Jaydee Hanson, senior policy analyst with the Center for Food Safety told Food Safety News that he applauds the European Parliament for not “over-compromising” on this issue.

He said that although the European Parliament tried to compromise by conceding a major change in its position — allowing the sale of foods from the offspring of cloned animals as long as they’re labeled — the opposing side continued to insist that cloned offspring not be labeled.

“Tracking clones and their offspring is as simple as requiring pedigrees for sales of clones, their offspring, and for sales of eggs and sperm,” Hanson said. “This is no more complicated than tracking most food stuffs. Animal breeders have been doing it for centuries for highly valued animals such as these.” 

In an email to Food Safety News, Veterinarian Don Coover, president of Kansas-based SEK Genetics said that it appears to him that the EU may end up trying to regulate something they can’t even detect in the food supply.

Because all of the available science agrees that the offspring of clones and their products do not differ from conventionally produced products, to try to regulate foods that may contain products from the offspring of clones seems to me to be an exercise in regulation only.
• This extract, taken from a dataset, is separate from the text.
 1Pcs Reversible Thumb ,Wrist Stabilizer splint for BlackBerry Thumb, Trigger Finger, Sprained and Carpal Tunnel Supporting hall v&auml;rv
Coover said that if consumers want to buy a safe product that does, or does not, contain products that are the result of cloning technology — or any other technology — “I am sure they should be allowed to.”

Nevertheless, he said he doubts that governments need to be regulating what is proven safe and is not detectable, anyway.

Exasperated, he said: “They’re trying to regulate someone’s opinion.”

On the food-safety front, cloning opponents warn that not enough is known about the technology and its effects on the animals — or about the composition of the meat and milk — from clones and their offspring.

In contrast, the FDA says that food from cloned animals and their offspring (other than sheep) is safe to eat.

Although the United States currently has a voluntary moratorium on the marketing of food from clones, there is no such moratorium on food from the offspring of clones.